Das bekomme man auch unter Kollegen mit. Rund 1.700 Lenker würden in den neun Busfirmen seiner Unternehmensgruppe arbeiten, 300 davon alleine in Niederösterreich. In ganz Österreich gäbe es an die 15.000 Busfahrer. Viele von ihnen seien jetzt frustriert. Aktuell laufen Verhandlungen mit der Arbeitgeberseite für einen neuen Kollektivvertrag. Darin sollen vor allem bessere Arbeitsbedingungen festgeschrieben werden, sagt Stiller.
Der größte Druck komme aber von oben, kritisiert Stiller: Busse, der Diesel oder in Zukunft der Strom, würden für alle Unternehmen gleich viel kosten. "Gespart wird also an uns Lenkern. Wir sind der einzige Faktor, wo viel Geld zu holen ist."

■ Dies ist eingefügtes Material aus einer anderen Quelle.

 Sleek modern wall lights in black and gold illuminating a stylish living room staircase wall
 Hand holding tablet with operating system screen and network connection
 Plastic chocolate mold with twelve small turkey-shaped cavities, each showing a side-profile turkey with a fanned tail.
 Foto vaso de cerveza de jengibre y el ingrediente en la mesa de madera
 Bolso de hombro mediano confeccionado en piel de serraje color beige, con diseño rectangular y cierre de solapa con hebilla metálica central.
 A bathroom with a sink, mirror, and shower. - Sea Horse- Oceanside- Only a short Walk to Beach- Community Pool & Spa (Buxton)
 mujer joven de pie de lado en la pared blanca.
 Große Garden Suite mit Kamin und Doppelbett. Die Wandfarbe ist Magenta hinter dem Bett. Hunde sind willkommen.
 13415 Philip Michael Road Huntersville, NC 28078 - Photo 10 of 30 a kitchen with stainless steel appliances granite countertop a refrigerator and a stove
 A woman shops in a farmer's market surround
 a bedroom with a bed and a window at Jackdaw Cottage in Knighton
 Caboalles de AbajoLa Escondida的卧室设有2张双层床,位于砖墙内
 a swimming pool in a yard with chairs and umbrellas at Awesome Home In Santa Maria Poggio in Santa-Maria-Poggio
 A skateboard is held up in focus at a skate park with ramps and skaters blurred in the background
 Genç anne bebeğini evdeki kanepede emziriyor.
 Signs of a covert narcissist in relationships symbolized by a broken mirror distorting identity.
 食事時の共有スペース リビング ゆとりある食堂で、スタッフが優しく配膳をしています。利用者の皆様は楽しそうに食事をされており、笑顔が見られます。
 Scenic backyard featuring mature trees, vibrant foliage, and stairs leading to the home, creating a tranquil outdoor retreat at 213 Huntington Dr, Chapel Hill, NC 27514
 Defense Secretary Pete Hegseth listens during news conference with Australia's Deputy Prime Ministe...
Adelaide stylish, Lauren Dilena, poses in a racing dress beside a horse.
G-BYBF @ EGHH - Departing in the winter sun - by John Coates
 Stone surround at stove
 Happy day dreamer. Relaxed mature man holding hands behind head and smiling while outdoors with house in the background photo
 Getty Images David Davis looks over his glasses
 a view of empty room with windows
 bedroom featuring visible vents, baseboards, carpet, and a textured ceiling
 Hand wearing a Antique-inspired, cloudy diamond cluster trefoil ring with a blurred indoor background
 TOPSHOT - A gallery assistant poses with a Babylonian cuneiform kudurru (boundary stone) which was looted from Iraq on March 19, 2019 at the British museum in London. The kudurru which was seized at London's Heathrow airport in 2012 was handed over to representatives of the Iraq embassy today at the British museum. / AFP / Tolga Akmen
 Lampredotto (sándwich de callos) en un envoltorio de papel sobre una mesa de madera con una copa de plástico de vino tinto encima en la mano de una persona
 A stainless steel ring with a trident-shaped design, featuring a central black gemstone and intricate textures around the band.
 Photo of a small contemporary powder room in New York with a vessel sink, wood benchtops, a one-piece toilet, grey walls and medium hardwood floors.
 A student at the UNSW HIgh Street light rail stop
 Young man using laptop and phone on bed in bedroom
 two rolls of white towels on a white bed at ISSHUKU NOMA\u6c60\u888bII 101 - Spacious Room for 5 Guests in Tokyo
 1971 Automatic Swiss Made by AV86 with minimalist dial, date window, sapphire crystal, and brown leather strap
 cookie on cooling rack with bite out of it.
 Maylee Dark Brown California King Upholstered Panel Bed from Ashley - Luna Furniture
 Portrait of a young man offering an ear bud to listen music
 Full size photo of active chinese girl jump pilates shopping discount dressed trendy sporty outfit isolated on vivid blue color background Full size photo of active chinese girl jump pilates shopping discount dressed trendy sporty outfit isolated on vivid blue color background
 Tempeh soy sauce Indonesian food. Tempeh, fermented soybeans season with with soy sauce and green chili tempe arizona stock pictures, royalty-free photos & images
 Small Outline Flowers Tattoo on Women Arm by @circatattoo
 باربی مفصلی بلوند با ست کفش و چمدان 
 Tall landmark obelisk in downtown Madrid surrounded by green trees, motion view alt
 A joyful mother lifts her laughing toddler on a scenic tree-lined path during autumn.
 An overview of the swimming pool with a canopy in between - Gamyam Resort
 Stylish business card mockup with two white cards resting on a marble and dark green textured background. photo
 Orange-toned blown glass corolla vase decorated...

Das läge daran, dass es ab 2015 mit den Vergaben zu Fixpreisen, wie bei der Eisenbahn, zu Ende war. Es hieß, man wolle ein Bestbieterprinzip. "Daraus wurde aber das Billigbieterprinzip und immer schlimmere Arbeitsbedingungen", erklärt Stiller.
Wie sparen die Busunternehmen also Geld, wollte "Heute" von Stiller wissen. Das sei ganz einfach erklärt, sagt der Gänserndorfer: "Einerseits über die Lenkkosten, wo das Gesetz sagt, dass Busfahrer, die alle drei Stunden zur Garage zurückkehren, keine Zulagen bezahlt bekommen. Andererseits durch ständige Pausenabzüge." Das gäbe es in keiner anderen Branche, so Stiller.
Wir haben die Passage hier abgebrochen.